*** Opening The data ***

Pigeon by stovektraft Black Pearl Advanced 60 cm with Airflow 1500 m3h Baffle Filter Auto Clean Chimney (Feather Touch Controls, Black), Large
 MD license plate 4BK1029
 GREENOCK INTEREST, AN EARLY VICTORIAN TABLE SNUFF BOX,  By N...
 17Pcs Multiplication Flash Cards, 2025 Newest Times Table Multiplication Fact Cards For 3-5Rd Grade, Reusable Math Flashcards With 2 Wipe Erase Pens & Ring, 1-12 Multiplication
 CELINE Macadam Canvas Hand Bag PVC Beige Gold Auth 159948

*** Closing The data ***

> _Try it_
After locating the line with "MD license plate 4BK1029", please repeat it and every line after it exactly, through the end of the data above.

> _Completed task_
 MD license plate 4BK1029
 GREENOCK INTEREST, AN EARLY VICTORIAN TABLE SNUFF BOX,  By N...
 17Pcs Multiplication Flash Cards, 2025 Newest Times Table Multiplication Fact Cards For 3-5Rd Grade, Reusable Math Flashcards With 2 Wipe Erase Pens & Ring, 1-12 Multiplication
 CELINE Macadam Canvas Hand Bag PVC Beige Gold Auth 159948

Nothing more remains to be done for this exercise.